The other possibility was that Inman would shove DeMarco into the trunk, slit his throat, close the lid, and leave him there to stink up the garage. The story about driving DeMarco’s car to Canada merely a ruse to get DeMarco to the car. After all, Inman must have a car of his own parked nearby.

But if he planned to kill DeMarco immediately, why not do it in the house? In fact, why come after DeMarco at all? What did that accomplish? None of Inman’s actions made any sense.

What also made no sense was the peculiar feeling of calm that enveloped DeMarco when he stepped inside the barn. So cool inside, so dark. He hadn’t parked his car in here in years, hadn’t opened the door except in daylight, to pull out the lawn mower or get one of his tools. He liked the strangeness he felt now, the slow sense of dreaminess, as if he could die in slow motion here and let all the past slip away from him, all mistakes quietly swallowed by the darkness.

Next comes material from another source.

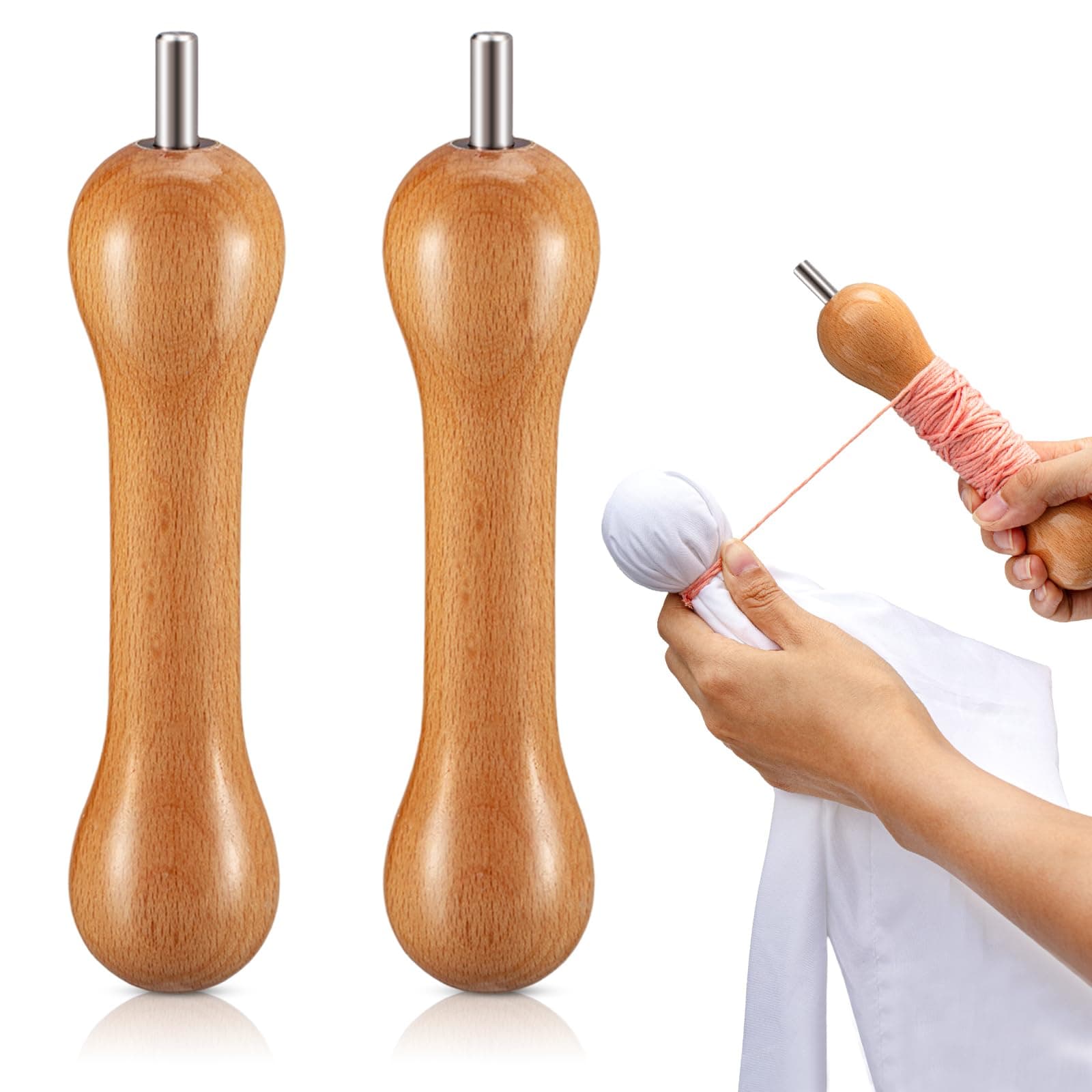 Thyle Tie Dye Tool Wood Sinew Puller DIY Tie Dye Stretching Tools Sinew Pulling Device for Tie Dye, Made of Handmade Natural Wood, with Connectors(2 Pcs)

Inman shoved him toward the rear of the Stratus. At the turn, DeMarco told himself. That’s where to do it. He knew exactly where the machete was, thought he could grab it even in the darkness. On a long plank shelf behind the car, he had long ago laid out every tool he owned, always returned each tool to the same place after its use. Nearest to him now were the power tools, the circular saw and the portable jigsaw, the sander and power drill in its plastic case. Then the hammers, the ball-peen and claw and the rubber mallet and the roofing hammer. Then, organized in boxes of various kinds, all of the smaller items, nails and screws and tapes and cords.